La paradoja está en que el dinero que envían no solamente resulta ser la tabla de salvación para su familia, sino para los países que les expulsaron. Las remesas son a estas alturas un pilar de la economía local y constituyen uno de los principales rubros de ingreso de divisas. De acuerdo con el Banco de Guatemala, en 2017, se recibieron 8 mil 192 millones de dólares (60 mil 130 millones de quetzales) en remesas familiares, lo que representa el 11% del Producto Interno Bruto (PIB) de nuestro país.

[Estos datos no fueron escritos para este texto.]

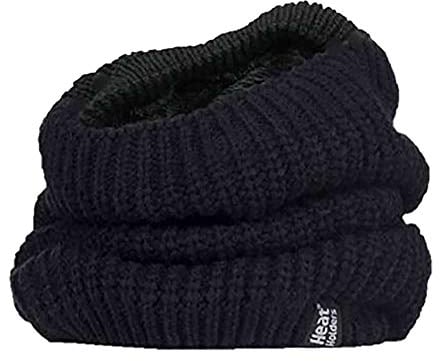 HEAT HOLDERS - Damen Winter Warm Fleece Bunt Strick Groß Nacken Halswärmer (One Size, Black (Chunky))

Y si las cosas están mal, estarían peor si no fuera por las y los migrantes. Según la Organización de las Naciones Unidas para la Alimentación y la Agricultura, FAO por sus siglas en inglés, más de US$1 mil 700 millones en remesas se utilizan en Guatemala para la compra de alimentos, lo que evita que haya más personas con hambre. (La Hora, 20/10/18).
Aún así, estos gobiernos de chambones y corruptos, los criminalizan, los persiguen, los encierran y les echan gases lacrimógenos para hacerle el trabajo sucio a los gringos y a su xenófobo presidente.
Se olvidan estos personajes que migrar es un derecho y que el estatus migratorio de una persona no implica —de manera alguna— la violación a sus derechos. Al contrario, los estados están obligados a garantizar el respeto a la dignidad de las personas migrantes y a identificar las necesidades de protección; no al revés.
No se resuelve el problema atacando los efectos, sino eliminando las causas estructurales que lo originan. Eso y dejar de votar a políticos ineptos, corruptos y negligentes, que no hacen más que agravar la situación.